1. The problem statement, all variables and given/known data
A particle moves along the s-direction with constant acceleration. The displacement, measured from a convenient position, is 2m when t = 0 and is zero when t = 10s. If the velocity is momentarily zero when t = 6s, determine the acceleration a and the velocity v when t = 10s

2. Relevant equations

I tried finding plotting s vs. t and then trying to get an equation of the line, but that led me nowhere. Taking its derivative didnt help. I also looked at the formulas for constant acceleration but didnt know how to apply them. The fact that the velocity is momentarily zero at t = 6 means that the slope of my s vs. t plot is zero for that portion right?

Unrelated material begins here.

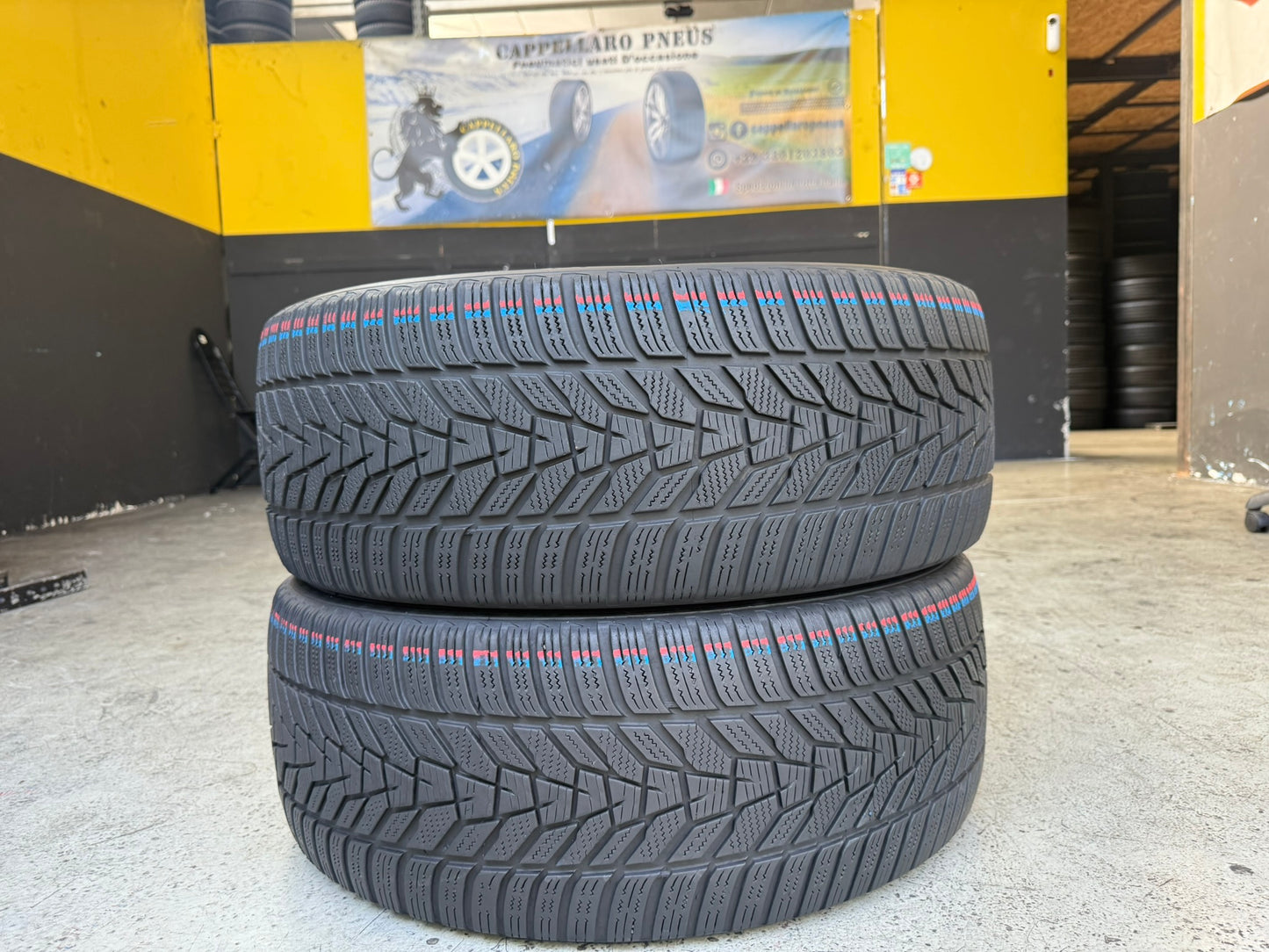 Usato: 2 Gomme 255/45R20 105V XL Hankook Invernali 85% residui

3. The attempt at a solution

Equation of line: slope m = 0.5t
s = 0.5t + 2

Second attempt: s = s_0 + (v_0)t + 0.5at^2

s = 0, s_0 = 2

2. Aug 15, 2008

### nvn

aznkid310 wrote: "The fact that the velocity is momentarily zero at t = 6 means the slope of my s versus t plot is zero [at t = 6], right?"

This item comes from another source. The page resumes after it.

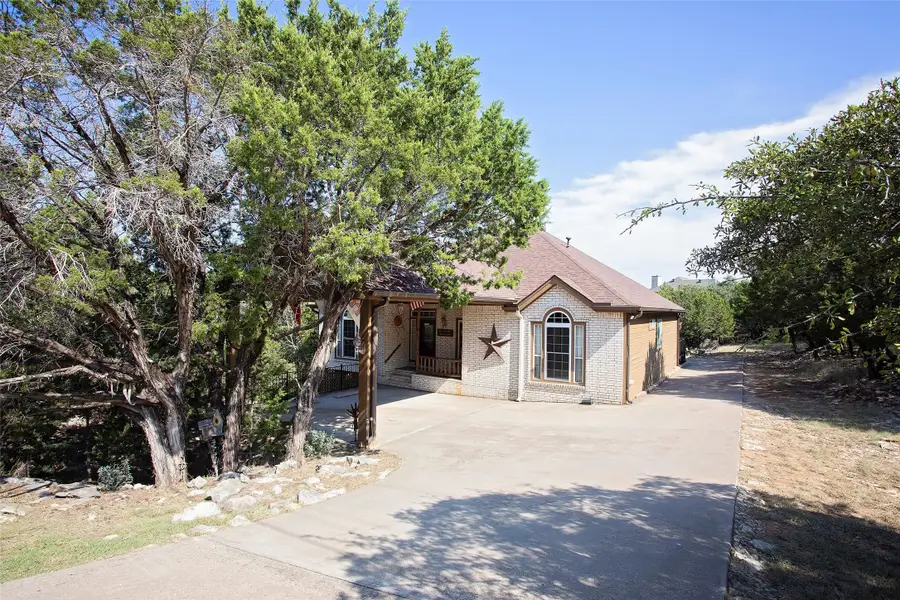 880 Cliffs Drive, Possum Kingdom Lake, TX 76449 - Image #3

Correct. v = ds/dt; therefore, if v(6) = 0, it means the instantaneous slope of the s versus t plot is zero at t = 6. But don't worry about plotting s versus t right now.

(1) Given (known).
s0 = 2.
s = 0 at t = 10.
v = 0 at t = 6.
Find a and v at t = 10.

(2) Relevant equations.
s = s0 + v0*t + 0.5*a*t^2.
v = v0 + a*t.

(3) Hint: Use the above relevant equations, and the above given conditions, to first solve simultaneously for v0.

3. Aug 15, 2008

### aznkid310

1) s = 2 + v0*t + 0.5*a*t^2

2) v(6) = v0 + a(6) = 0
a = -v0/6

3) s = 2 + v0*t + 0.5*(-v0/6)*t^2

4) At t = 10s: 0 = 2 + 10(v0) + ([-100*v0]/12)

v0 = -1.2 m/s

5) v = v0 + a*t = -1.2 +a*t

6) At t = 6s: 0 = -1.2 + 6a

a = 0.2 m/s^2

7) v = -1.2 + 0.2t

8) At t = 10s: v = -1.2 +0.2*10

v = 0.8 m/s

Is this correct?
How did you know to solve for v0 first?

4. Aug 16, 2008

### nvn

You did excellent work, aznkid310. That's correct.

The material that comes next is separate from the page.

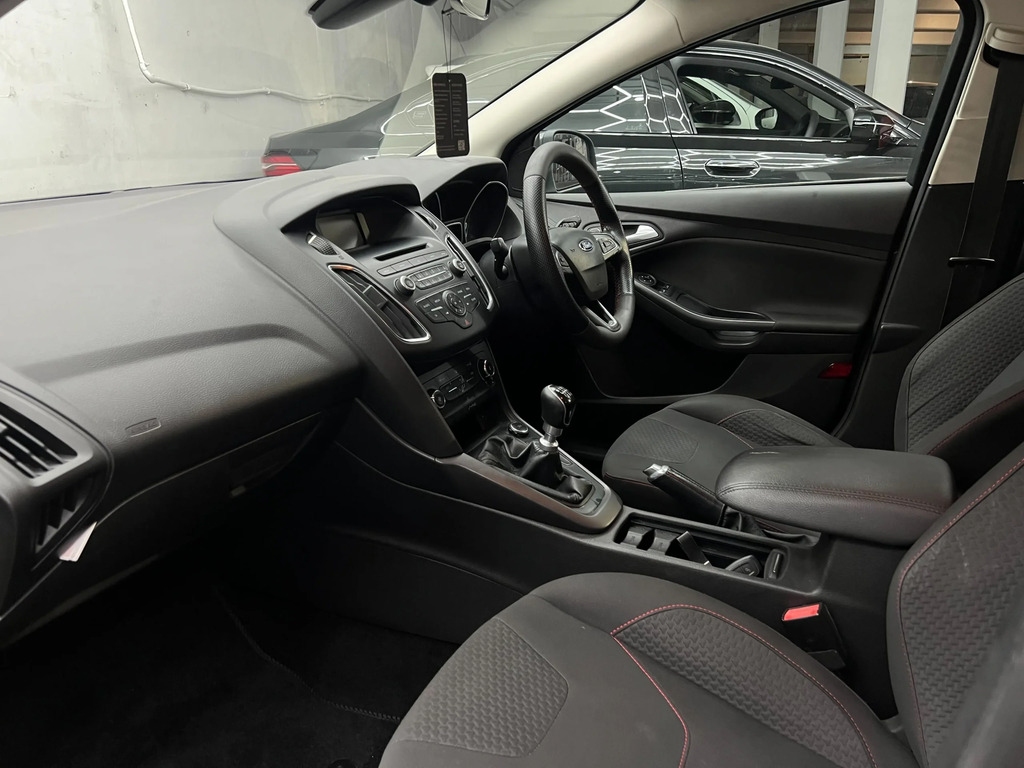Ford Focus Hatchback Blue #64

How did I know to solve for v0 first? More or less, by trial and error. I just started plugging each given (known) condition into the various constant-acceleration kinematics formulas (experimenting, trying, investigating, retrying), to see what I would get and to see what is still unknown. I ended up with two acceptable-looking equations and two unknowns; so I knew I could at least go ahead and solve for those two unknowns, which I thought might help lead to a solution. Afterwards, computing v became straightforward.